- Born: Jane Brandreth Holt 1867 Liverpool, England
- Died: 7 November 1922 (aged 54–55) Liverpool, England
- Education: University of Liverpool
- Spouse: William Abbott Herdman ​ ​(m. 1893)​
- Parents: Alfred Holt; Catherine Long;
- Relatives: George Herdman (son); Emma Herdman (daughter); George Holt (grandfather); George Holt (uncle); Robert Durning Holt (uncle); Emma Holt (cousin);

= Jane Herdman =

English philanthropist

Jane, Lady Herdman (1867 – 1922) was a student and early patron of the University of Liverpool and was an education committee member in Liverpool in the early twentieth century. In the last year of her life (1922), her husband acquired a knighthood and she was formally known as Jane, Lady Herdman or Lady Herdman.

== Early life ==

Jane Herdman was the daughter of Alfred Holt, a Liverpool ship owner, merchant and engineer, and Catherine Long. The family lived at Crofton Mansion, Aigburth. In 1891, she graduated with a first class honours degree in chemistry from the University of London, having studied science at the University College Liverpool (later to become the University of Liverpool). She became the first President of the Women Students’ Representative Council in Liverpool, in 1892. She married William Abbott Herdman, who held the chair in Natural History at the University College, in 1893 at Toxteth Park Registry Office. They lived at Croxteth Lodge on Ullet Road.

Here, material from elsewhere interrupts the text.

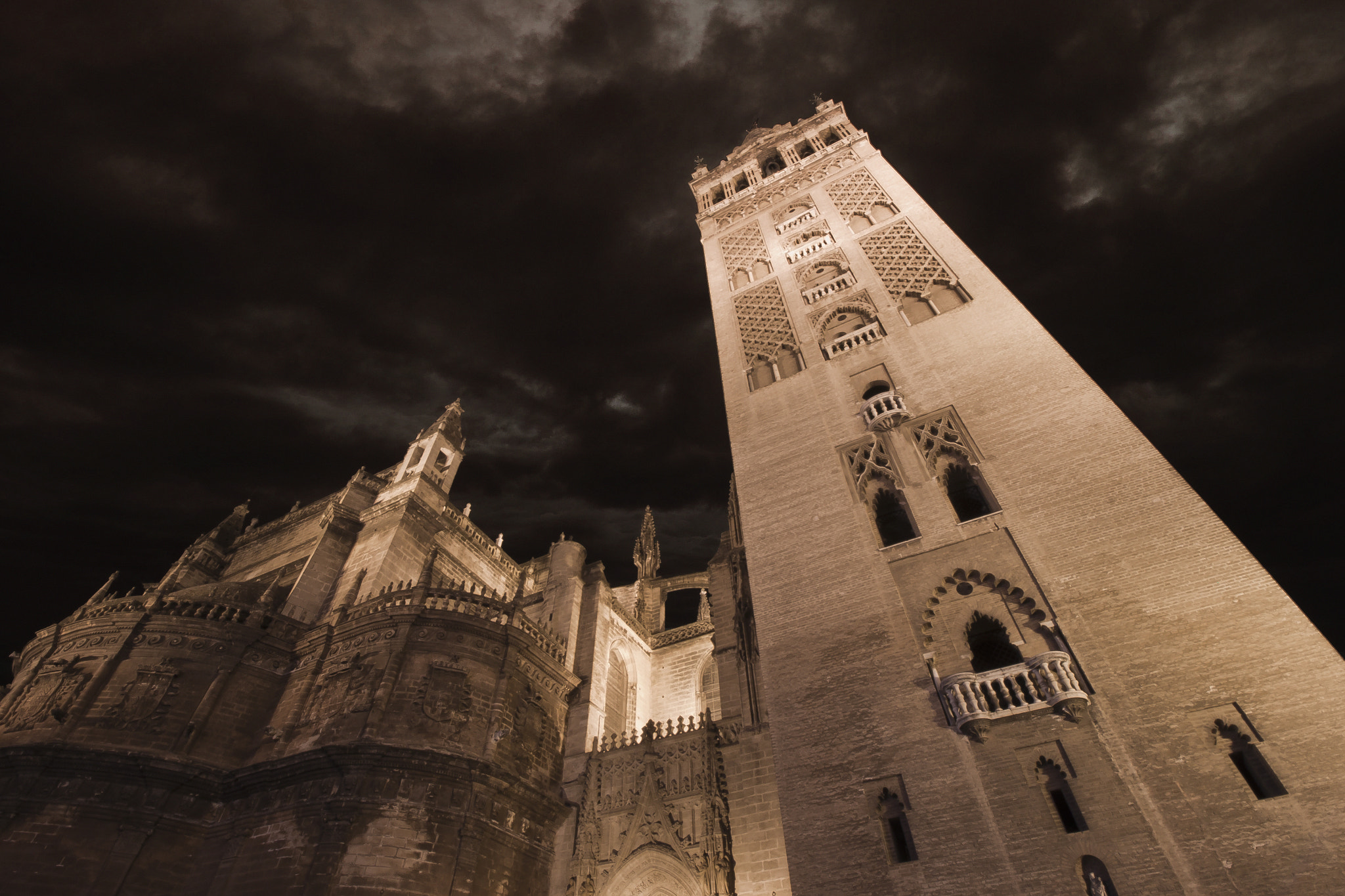 Canon EOS 500D (EOS Rebel T1i / EOS Kiss X3) sample photo. Giralda tower and seville cathedral photography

==Patronage of the university and work in education==
Jane and her husband William endowed the University of Liverpool £10,000, to found the George Herdman Chair of Geology in remembrance of their son, George, who died at the Battle of the Somme. They also funded a Chair of Oceanography.
===The George Herdman Professors of Geology===
The first George Herdman Professor of Geology was appointed in 1917. Since then the holders of the chair have been:

- Percy Boswell (1917 to 1930)
- H H Read (1931 to 1939)
- Frank Coles Phillips (1947)
- Robert Millner Shackleton (1948 to 1962)
- Wallace Spencer Pitcher (1964 to 1981)
- Trevor Elliott (1983 to 2007)
- Peter Kokelaar (2008 to 2014)
- John Wheeler (2017 – ).

===The Herdman Professors of Oceanography===
The Herdman Chair in Oceanography was endowed by the Herdmans in 1919. Holders of the chair include:
- William Abbott Herdman (1919 to 1920)
- James Johnstone (1920 to 1932)
- Joseph Proudman (1933 to 1954)
- Kenneth Frank Bowden (1954-82)
- John Price Riley (1987 to 1991)
- Roy Chester (1991 to 2001)
- George Wolff

===Other benefactions===
In 1920, Mrs Herdman donated three acres of land near Greenbank Lane to the governors of Blackburne House School, to improve the sporting facilities for girls (the Holts had a long established philanthropic involvement with this school - Jane's grandfather, George Holt, was the founder of the school). Lady Herdman was a member of the Education Committee and was chairman of the Girls School Committee from 1911 to 1922

===The Jane Herdman geological laboratories===
After Lady Herdman's death in 1922, her widower made a further endowment of £20,000 towards the building of new geological laboratories which were named in remembrance of his wife. The Lady Herdman geological laboratories were opened in 1929.